DHA is a major structural and functional component of the central nervous system, accounting for 30-50% of the total fatty acid content of the human brain. In infants and children, DHA is essential for the brain’s growth and functional development. It also helps support normal brain function in adults, including learning and memory. Low levels of DHA, by contrast, are associated with an increased risk for Alzheimer’s.49
In the brain, DHA combines enzymatically with phosphatidylserine to form nerve cell membrane components that support healthy nerve function. Substantial laboratory research suggests that phosphatidylserine’s ability to improve cognitive skills is greatly increased in the presence of DHA.50
Furthermore, the combination of DHA and phosphatidylserine powerfully supports energy production in brain cells. Scientists from the National Institutes of Health believe that phosphatidylserine with attached DHA is among the most critically important molecules for healthy brain function, and that phosphatidylserine works optimally in the presence of abundant levels of DHA.51
Researchers have developed an innovative phosphatidylserine-DHA (PS-DHA) compound designed to optimally support brain cell structure and function. To evaluate its effects on memory, they examined middle-aged rats with accelerated brain aging. While DHA alone showed minimal effects, PS-DHA substantially protected against the memory-robbing effects of brain aging.52
This unique combination of PS-DHA was also examined in a randomized, double-blind, placebo-controlled study of people with attention deficit hyperactivity disorder (ADHD). At the end of three months, those receiving the PS-DHA compound had a total response to treatment of 47%, compared to just 19% in the placebo group. These findings suggest that the phosphatidylserine-DHA combination may improve behavioral and learning disabilities in ADHD patients.52
Vinpocetine: Enhancing Cerebral Blood Flow
The brain health benefits of vinpocetine, derived from the periwinkle flower, are widely recognized in Europe, where it is available only by prescription to treat symptoms of age-related memory impairment.
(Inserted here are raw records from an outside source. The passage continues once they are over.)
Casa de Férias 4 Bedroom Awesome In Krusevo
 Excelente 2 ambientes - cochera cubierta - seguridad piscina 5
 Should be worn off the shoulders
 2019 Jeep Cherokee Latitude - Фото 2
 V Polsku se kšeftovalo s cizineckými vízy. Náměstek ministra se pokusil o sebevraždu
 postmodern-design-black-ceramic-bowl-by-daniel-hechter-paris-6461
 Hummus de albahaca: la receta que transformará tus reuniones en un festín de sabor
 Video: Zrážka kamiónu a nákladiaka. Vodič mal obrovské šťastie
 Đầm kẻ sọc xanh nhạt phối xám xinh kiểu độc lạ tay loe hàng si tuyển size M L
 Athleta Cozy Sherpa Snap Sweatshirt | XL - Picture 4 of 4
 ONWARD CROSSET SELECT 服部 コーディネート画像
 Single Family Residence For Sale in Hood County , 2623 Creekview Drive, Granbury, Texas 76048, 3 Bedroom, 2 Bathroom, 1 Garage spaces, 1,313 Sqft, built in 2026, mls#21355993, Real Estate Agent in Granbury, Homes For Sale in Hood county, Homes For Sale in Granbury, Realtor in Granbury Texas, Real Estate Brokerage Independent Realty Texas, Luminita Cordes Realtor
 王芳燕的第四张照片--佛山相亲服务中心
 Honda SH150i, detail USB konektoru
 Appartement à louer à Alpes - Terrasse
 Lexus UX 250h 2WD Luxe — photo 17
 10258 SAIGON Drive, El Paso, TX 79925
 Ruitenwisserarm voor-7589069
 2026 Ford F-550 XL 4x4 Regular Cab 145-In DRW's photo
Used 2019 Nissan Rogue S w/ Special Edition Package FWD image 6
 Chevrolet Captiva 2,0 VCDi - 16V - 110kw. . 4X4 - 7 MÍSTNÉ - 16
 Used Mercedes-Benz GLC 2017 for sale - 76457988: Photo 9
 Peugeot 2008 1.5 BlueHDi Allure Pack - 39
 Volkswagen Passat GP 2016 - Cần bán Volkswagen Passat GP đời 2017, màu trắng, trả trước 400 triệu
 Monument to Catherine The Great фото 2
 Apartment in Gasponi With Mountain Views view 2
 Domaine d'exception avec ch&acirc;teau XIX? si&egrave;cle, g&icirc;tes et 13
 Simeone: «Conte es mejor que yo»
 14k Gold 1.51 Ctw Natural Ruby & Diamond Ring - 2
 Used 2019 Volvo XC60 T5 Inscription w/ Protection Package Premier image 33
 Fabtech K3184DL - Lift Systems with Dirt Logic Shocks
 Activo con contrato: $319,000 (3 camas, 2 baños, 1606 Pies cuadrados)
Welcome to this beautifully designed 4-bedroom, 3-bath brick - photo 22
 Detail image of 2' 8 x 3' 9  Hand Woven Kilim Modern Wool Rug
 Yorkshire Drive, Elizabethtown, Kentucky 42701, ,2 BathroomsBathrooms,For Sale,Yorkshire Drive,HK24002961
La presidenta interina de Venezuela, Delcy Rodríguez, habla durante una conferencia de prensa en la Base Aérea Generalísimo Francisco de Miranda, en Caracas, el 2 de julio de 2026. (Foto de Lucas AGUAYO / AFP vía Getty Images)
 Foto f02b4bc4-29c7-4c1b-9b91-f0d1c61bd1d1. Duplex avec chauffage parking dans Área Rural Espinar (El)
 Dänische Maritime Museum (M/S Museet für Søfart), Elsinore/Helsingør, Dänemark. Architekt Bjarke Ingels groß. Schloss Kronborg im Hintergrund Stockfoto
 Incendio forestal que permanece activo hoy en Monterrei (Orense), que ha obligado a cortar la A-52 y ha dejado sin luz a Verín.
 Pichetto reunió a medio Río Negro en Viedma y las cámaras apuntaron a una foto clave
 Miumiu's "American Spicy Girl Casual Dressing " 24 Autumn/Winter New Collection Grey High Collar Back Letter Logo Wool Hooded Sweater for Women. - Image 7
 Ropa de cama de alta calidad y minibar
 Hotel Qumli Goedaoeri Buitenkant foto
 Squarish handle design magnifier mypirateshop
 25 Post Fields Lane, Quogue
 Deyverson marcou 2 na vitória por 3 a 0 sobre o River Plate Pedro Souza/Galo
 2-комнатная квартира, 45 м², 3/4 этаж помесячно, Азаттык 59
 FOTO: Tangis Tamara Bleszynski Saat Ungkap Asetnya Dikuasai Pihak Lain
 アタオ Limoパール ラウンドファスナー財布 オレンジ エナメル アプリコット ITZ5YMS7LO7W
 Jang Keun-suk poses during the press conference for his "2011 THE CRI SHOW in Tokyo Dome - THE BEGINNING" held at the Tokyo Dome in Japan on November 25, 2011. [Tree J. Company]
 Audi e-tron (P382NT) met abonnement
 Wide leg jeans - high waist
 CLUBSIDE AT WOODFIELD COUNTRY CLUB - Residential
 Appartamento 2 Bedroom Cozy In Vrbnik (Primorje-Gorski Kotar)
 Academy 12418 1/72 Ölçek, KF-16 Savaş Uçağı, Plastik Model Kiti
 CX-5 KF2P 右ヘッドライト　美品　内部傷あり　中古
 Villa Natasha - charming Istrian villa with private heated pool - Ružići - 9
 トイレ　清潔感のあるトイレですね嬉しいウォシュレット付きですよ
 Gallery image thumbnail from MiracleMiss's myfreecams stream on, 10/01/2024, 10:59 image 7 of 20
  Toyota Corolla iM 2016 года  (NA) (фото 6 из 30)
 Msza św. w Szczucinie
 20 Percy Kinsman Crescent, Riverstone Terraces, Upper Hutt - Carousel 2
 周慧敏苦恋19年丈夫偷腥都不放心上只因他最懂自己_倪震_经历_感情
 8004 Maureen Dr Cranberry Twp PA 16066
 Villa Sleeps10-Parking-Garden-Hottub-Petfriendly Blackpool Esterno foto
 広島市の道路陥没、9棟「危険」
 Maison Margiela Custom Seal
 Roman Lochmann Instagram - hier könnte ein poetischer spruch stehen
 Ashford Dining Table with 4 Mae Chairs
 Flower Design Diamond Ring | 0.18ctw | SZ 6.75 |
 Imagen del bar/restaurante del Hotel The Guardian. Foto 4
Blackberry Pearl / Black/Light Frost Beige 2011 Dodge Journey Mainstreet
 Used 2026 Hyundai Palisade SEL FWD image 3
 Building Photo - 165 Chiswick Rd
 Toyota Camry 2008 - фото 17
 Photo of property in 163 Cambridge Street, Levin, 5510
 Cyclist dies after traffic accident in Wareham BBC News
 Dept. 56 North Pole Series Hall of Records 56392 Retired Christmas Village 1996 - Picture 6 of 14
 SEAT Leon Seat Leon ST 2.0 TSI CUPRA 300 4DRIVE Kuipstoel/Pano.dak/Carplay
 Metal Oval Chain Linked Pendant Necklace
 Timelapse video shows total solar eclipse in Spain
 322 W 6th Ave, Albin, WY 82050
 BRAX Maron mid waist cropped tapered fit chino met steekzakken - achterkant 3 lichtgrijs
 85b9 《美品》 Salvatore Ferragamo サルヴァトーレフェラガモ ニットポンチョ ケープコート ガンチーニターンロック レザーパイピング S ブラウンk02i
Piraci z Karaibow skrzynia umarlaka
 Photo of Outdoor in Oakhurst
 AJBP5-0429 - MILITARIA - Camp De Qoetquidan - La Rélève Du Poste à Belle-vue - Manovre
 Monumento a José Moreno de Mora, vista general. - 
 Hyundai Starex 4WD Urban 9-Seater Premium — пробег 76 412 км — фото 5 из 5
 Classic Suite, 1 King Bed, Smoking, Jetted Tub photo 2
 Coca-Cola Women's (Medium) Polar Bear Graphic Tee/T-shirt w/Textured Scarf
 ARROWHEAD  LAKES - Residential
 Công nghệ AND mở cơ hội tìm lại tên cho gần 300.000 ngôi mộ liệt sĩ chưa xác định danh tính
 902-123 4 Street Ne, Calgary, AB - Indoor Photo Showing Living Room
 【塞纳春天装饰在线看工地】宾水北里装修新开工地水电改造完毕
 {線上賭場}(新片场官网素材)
By improving sluggish cerebral blood flow, vinpocetine enhances the brain’s use of oxygen and glucose.53 Vinpocetine also increases electrical conductivity between nerve cells and supports the activity of nerve pathways related to mental alertness.54 When combined with the popular herb ginkgo biloba, vinpocetine speeds the processing of short-term working memory in normal adults.55
By enhancing vasodilation (relaxation of blood vessels), vinpocetine offers targeted benefits for cognitive dysfunction related to vascular disease involving vessels that supply the brain with blood.5 In three studies of older adults with memory impairment related to poor brain circulation or dementia, vinpocetine produced significantly more improvement than placebo in tests of attention, concentration, and memory.43
In a well-controlled trial of 203 patients with mild-to-moderate dementia, 30 or 60 mg of vinpocetine taken daily for four months was deemed safe and was associated with substantial improvements relative to placebo in ratings of overall status, cognitive performance, and severity of illness.56
By interfering with blood clotting at several points during the chain reaction that ultimately causes ischemic stroke, vinpocetine may even protect high-risk individuals from this devastating disease.57 Vinpocetine appears to work by blocking the activation of voltage-sensitive channels for calcium and sodium,58 and by preventing release of potentially toxic glutamate and free radicals.59,60
Because vinpocetine may inhibit blood clotting, it should not be used with Coumadin® or other blood thinners, except under a doctor’s recommendation.